[TASK]:
Starting with the line that has "Only in countries" in the records below and stopping after the line that has "38751 Replacement Vacuum", output every line exactly and nothing else; skip pictures.

[RECORDED DATA]:
%%

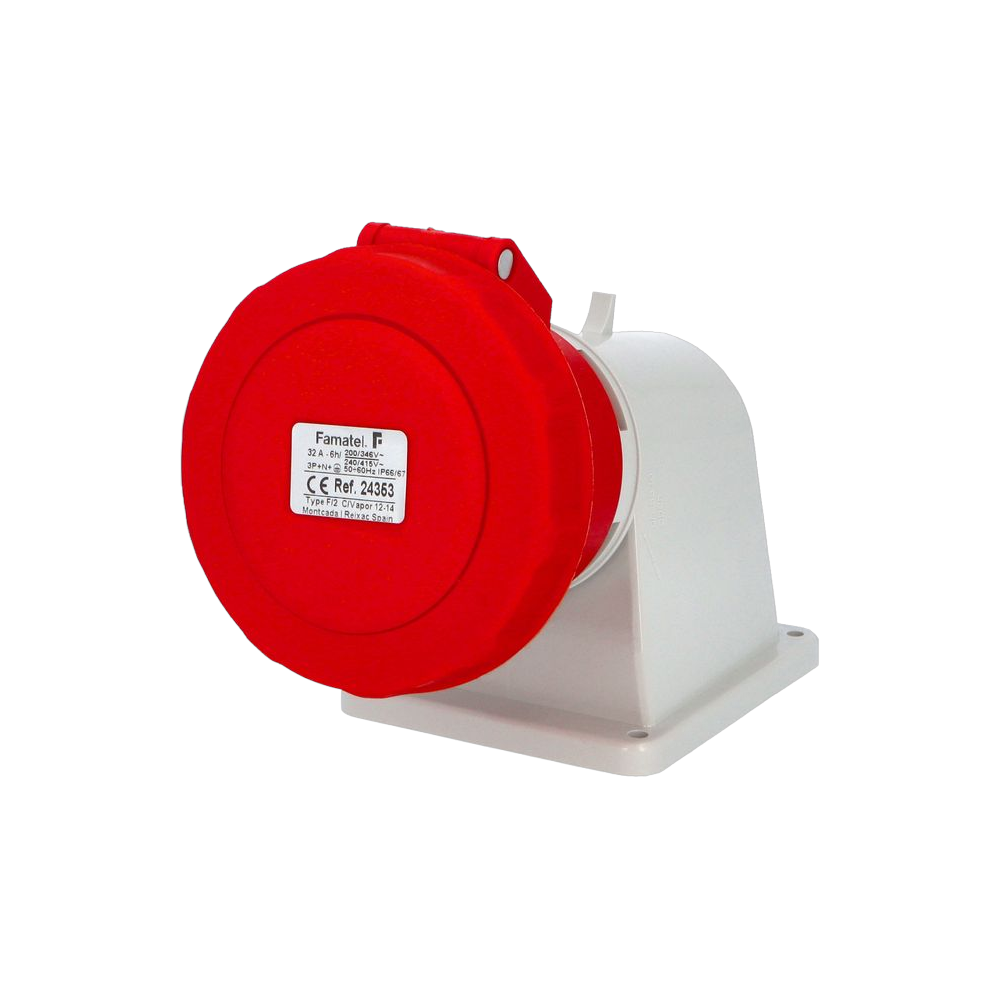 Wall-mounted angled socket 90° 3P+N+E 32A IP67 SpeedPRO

%%
%%

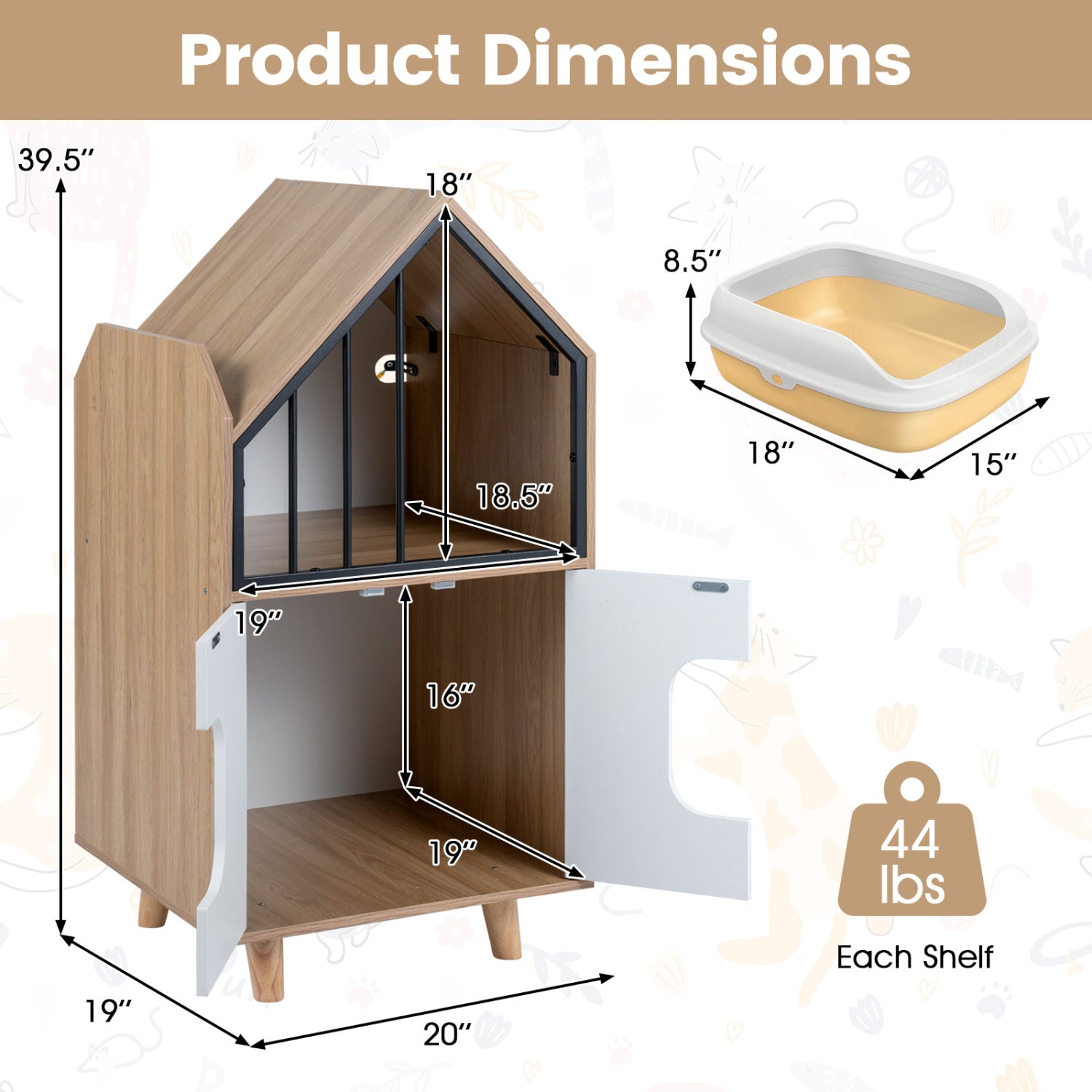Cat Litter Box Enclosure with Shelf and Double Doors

%%
%%

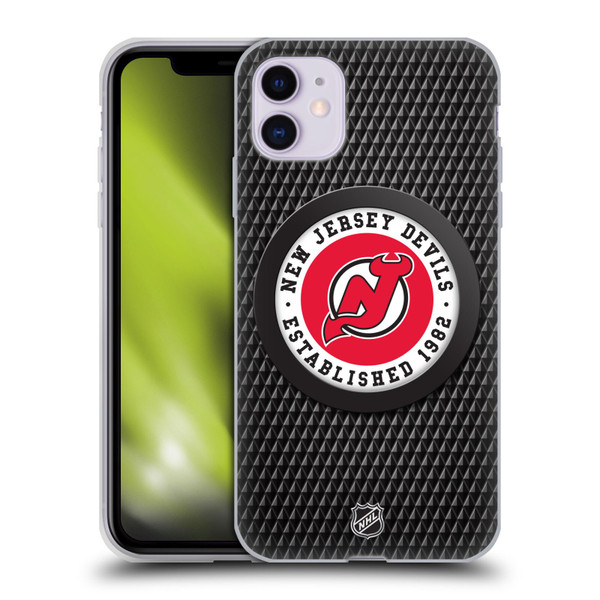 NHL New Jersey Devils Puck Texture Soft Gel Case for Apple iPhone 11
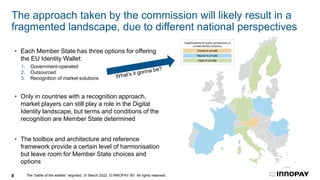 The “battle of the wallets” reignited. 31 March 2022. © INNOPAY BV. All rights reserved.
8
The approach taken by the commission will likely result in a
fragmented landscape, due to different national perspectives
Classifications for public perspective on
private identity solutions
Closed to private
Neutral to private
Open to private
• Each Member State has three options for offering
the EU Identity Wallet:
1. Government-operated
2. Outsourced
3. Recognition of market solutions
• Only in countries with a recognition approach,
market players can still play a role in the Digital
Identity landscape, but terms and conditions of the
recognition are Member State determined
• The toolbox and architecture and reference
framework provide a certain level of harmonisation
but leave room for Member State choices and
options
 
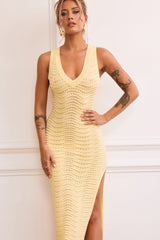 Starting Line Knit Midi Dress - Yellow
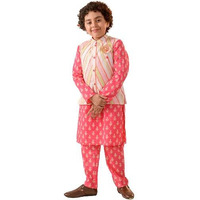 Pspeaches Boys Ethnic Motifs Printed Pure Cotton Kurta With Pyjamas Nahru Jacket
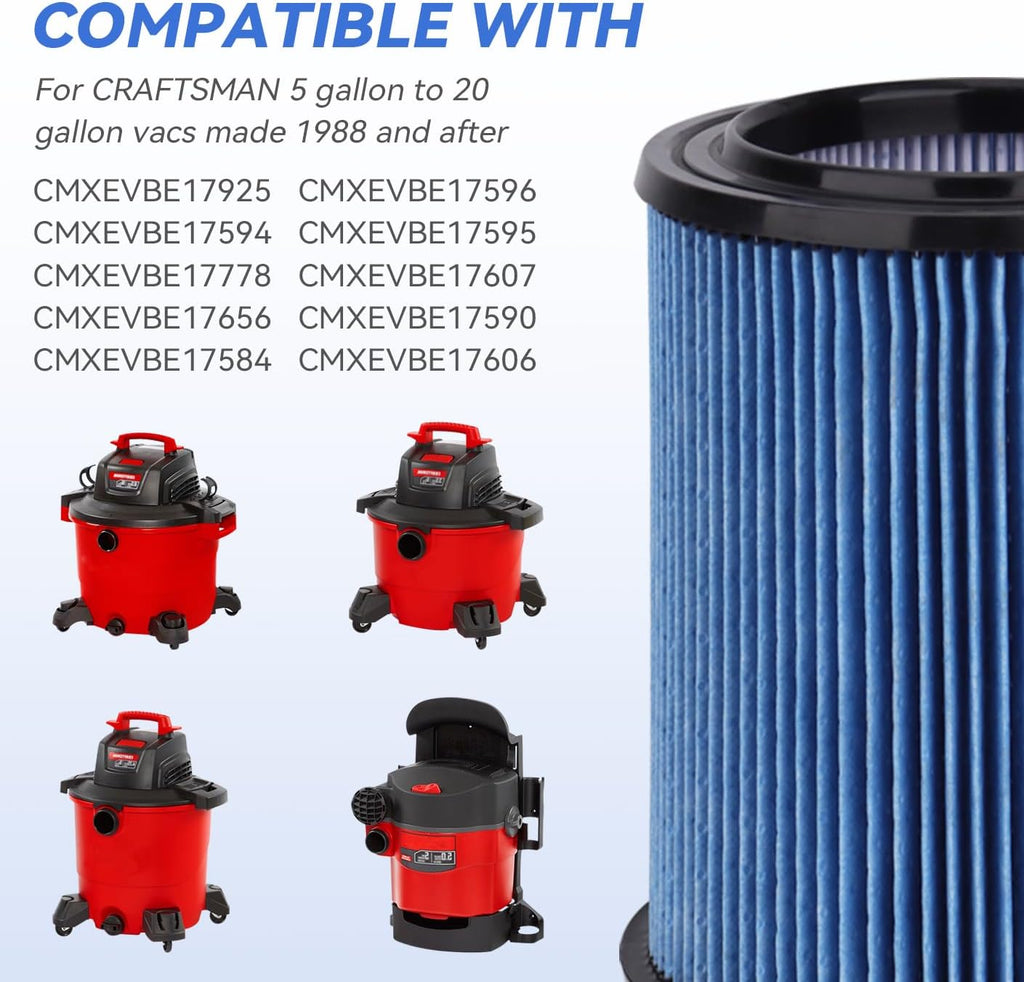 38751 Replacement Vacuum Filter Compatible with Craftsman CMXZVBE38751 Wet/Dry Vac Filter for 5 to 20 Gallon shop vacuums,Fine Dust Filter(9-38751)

%%

[TASK OUTPUT]:
• Only in countries with a recognition approach,
market players can still play a role in the Digital
Identity landscape, but terms and conditions of the
recognition are Member State determined
• The toolbox and architecture and reference
framework provide a certain level of harmonisation
but leave room for Member State choices and
options
 
 Starting Line Knit Midi Dress - Yellow
 Pspeaches Boys Ethnic Motifs Printed Pure Cotton Kurta With Pyjamas Nahru Jacket
 38751 Replacement Vacuum Filter Compatible with Craftsman CMXZVBE38751 Wet/Dry Vac Filter for 5 to 20 Gallon shop vacuums,Fine Dust Filter(9-38751)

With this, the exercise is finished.